■ Exercise requirements
Your answer must be the full listing, reproduced exactly, minus any pictures.

■ Raw data
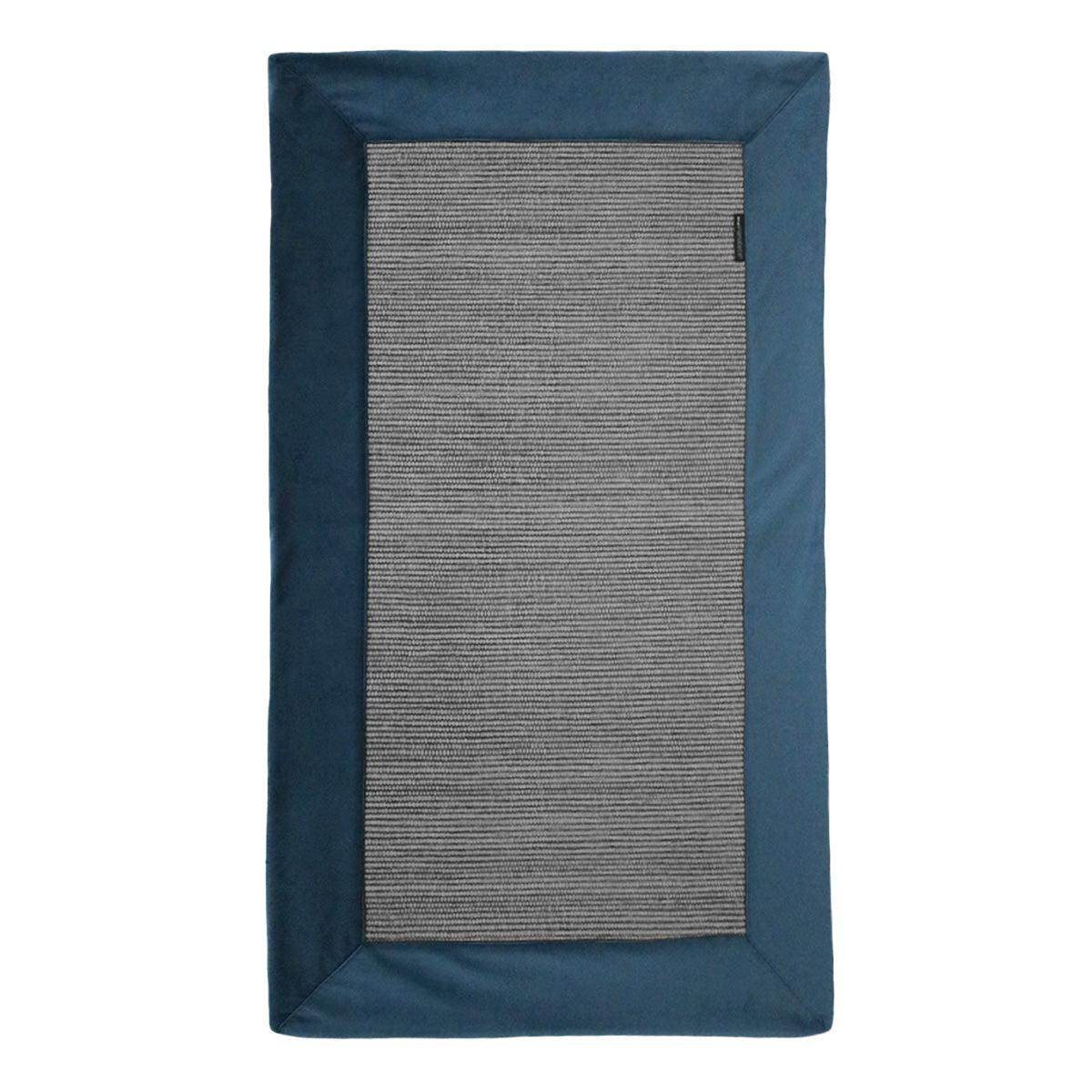 Tapete Cinza com Aplicação Veludo Soft - LethesHome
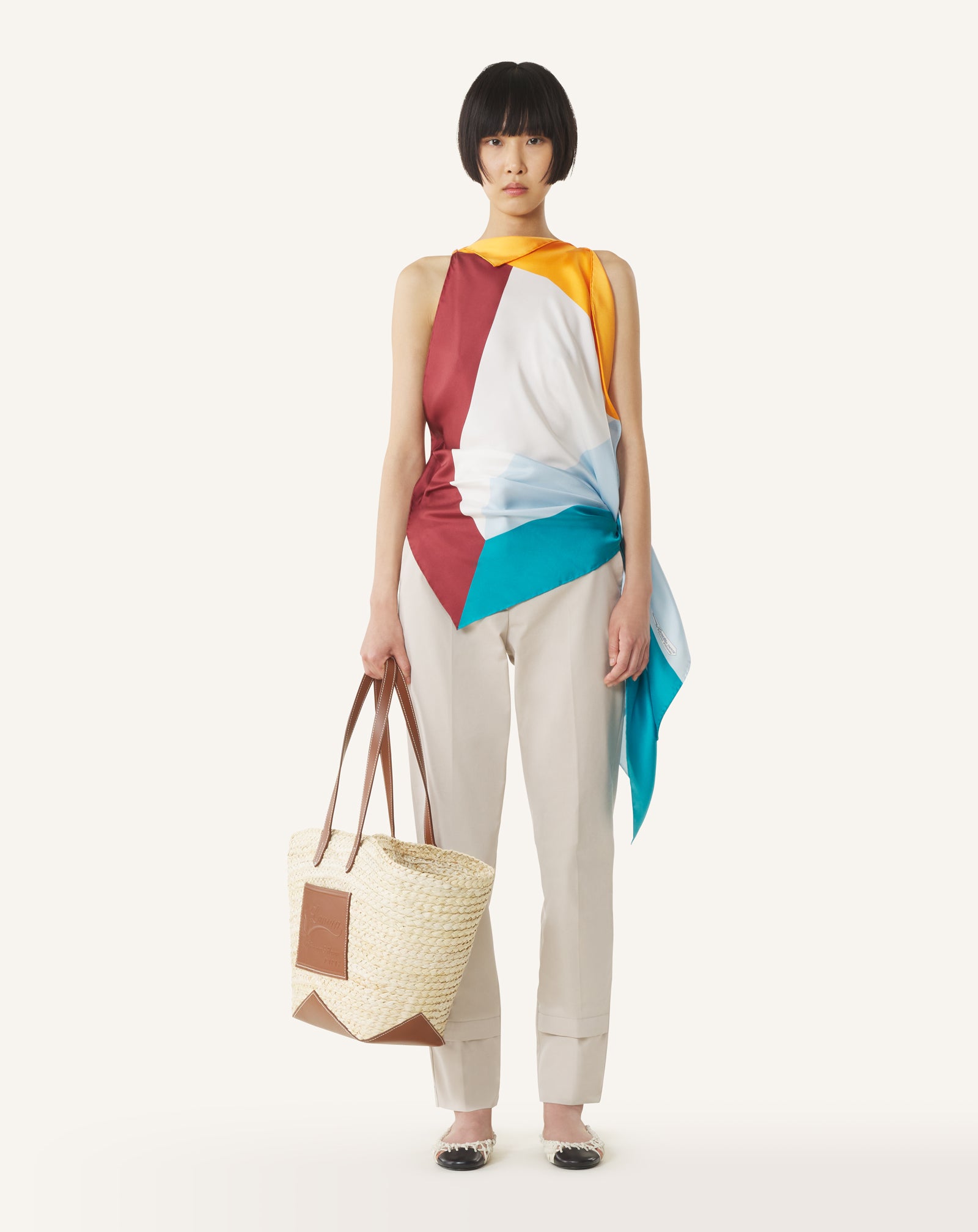 SILK GRAPHIC PRINT TOP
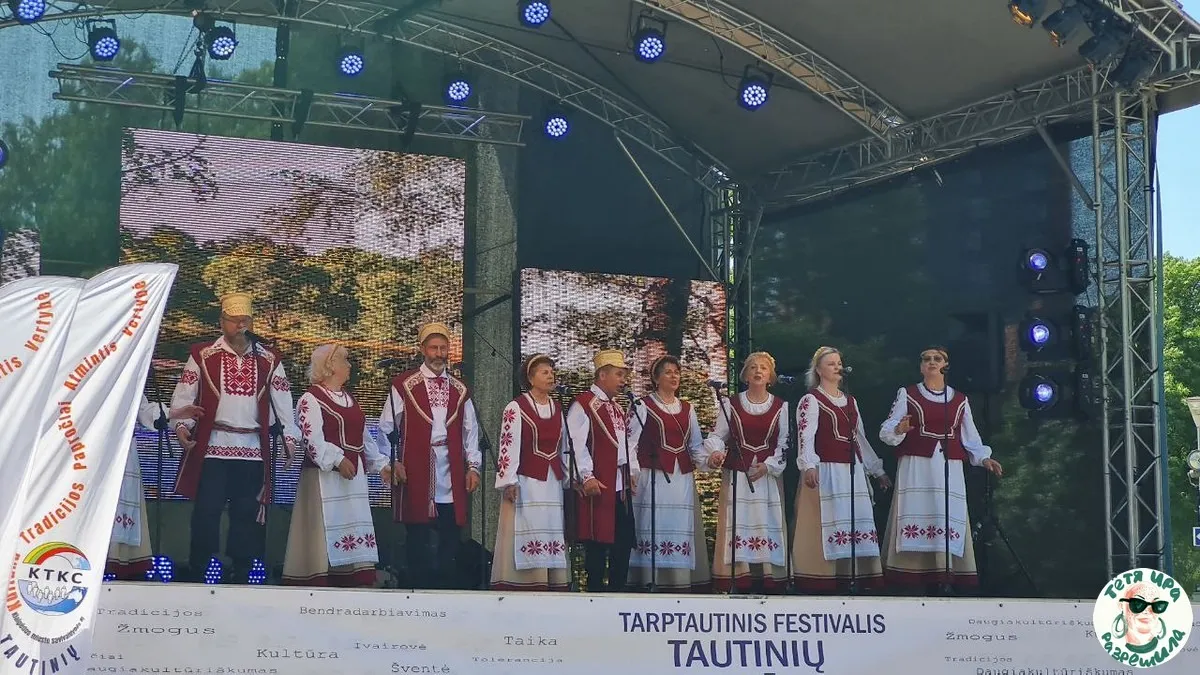 Беларусы Клайпеды поют и танцуют в ансамбле "Купалинка", а их дети в ансамбле "Верасок". Фестиваль национальных культур 2024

■ Solution
 Tapete Cinza com Aplicação Veludo Soft - LethesHome
 SILK GRAPHIC PRINT TOP
 Беларусы Клайпеды поют и танцуют в ансамбле "Купалинка", а их дети в ансамбле "Верасок". Фестиваль национальных культур 2024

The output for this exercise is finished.